Olga Gorelli, (June 14, 1920 Bologna, Italy, died February 18, 2006) was well known for her musical talents as a composer and pianist.

Life and career
Olga Gorelli, maiden name Gratch, immigrated to the United States in 1937 with her family and settled in New Jersey.  She married a physician, and had two children. She was a resident of Pennington, New Jersey.
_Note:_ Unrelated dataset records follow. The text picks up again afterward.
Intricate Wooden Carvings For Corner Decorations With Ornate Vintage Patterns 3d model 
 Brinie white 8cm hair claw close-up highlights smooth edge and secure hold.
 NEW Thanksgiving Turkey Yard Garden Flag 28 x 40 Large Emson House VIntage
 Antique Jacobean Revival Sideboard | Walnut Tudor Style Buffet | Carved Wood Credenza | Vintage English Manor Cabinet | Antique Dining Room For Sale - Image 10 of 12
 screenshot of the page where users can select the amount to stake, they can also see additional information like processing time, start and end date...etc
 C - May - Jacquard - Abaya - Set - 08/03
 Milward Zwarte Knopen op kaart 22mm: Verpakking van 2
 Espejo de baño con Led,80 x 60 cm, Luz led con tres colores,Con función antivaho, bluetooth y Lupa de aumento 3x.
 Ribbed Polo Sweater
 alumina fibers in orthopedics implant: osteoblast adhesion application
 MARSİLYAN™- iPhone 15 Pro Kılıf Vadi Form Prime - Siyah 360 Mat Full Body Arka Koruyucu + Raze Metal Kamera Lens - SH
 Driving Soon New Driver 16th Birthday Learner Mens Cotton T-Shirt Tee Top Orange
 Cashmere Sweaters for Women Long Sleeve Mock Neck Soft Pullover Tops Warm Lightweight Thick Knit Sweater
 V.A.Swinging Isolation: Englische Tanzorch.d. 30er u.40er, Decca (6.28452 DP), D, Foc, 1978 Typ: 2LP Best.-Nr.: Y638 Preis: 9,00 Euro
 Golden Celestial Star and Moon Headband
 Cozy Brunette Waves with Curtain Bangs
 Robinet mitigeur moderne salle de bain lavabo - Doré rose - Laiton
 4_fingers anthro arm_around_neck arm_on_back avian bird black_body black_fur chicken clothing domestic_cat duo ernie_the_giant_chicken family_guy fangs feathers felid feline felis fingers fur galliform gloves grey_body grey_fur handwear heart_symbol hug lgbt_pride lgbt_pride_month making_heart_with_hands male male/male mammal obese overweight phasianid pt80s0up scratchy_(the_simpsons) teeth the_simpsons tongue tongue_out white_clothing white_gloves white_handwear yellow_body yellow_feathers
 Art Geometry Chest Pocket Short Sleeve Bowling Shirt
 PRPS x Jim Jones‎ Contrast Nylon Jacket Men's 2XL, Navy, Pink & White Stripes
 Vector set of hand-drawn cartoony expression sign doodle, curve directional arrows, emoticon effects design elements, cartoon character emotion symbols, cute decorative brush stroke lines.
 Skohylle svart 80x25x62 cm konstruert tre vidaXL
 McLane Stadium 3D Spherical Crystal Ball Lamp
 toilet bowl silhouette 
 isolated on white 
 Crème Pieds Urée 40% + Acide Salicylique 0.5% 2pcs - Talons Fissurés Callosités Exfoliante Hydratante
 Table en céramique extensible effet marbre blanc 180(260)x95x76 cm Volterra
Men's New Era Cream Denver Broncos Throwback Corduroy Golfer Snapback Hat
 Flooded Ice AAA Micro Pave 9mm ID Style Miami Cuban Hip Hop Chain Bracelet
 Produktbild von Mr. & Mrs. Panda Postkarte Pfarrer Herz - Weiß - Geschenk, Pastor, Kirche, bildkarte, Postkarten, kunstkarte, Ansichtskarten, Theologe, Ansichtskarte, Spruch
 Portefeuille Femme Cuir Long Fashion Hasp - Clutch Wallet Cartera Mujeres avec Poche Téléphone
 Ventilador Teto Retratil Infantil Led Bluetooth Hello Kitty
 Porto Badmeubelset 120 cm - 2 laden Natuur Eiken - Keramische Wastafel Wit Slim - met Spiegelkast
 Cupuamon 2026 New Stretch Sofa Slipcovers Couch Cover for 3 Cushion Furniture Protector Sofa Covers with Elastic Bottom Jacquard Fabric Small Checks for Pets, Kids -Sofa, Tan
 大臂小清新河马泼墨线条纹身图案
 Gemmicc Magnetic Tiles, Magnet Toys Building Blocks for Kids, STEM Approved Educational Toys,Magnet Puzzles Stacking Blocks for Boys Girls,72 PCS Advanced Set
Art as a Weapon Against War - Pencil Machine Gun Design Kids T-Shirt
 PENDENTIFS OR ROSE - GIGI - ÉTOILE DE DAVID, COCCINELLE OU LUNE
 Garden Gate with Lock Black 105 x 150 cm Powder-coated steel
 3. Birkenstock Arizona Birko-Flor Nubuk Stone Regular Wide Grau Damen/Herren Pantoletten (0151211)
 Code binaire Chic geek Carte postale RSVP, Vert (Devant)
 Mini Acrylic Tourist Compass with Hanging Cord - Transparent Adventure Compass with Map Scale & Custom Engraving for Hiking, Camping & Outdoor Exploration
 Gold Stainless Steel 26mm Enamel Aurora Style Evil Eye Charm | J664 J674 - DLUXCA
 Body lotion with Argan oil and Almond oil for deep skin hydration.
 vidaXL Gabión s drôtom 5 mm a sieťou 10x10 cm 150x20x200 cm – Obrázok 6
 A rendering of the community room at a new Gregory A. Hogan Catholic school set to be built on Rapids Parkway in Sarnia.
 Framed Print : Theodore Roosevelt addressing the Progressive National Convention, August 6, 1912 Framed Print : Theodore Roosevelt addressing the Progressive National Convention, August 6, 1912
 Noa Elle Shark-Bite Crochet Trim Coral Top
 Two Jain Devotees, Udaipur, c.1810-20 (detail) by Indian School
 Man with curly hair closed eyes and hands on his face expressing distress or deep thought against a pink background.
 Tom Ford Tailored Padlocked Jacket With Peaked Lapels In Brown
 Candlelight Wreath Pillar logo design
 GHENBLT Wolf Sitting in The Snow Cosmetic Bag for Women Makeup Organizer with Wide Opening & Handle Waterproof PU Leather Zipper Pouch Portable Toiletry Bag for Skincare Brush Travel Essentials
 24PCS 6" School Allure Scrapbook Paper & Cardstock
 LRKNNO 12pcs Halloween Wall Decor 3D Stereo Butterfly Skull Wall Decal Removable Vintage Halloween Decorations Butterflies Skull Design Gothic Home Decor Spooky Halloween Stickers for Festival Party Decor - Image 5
Gorelli began composing as a child in Italy and her first little piano pieces were published in Italy when she was ten years old. She pursued her music studies in the U.S., graduating from Immaculata College, the Curtis Institute of Music, Smith College, and the Yale University School of Music, and pursued graduate work at the Eastman School of Music.  Her teachers included Rosario Scalero, Gian Carlo Menotti, Quincy Porter, Paul Hindemith, and Darius Milhaud.

Gorelli taught music theory at Hollins College, and piano at Trenton State College.  She also taught privately at her home and composed each morning up until the last weeks of her life.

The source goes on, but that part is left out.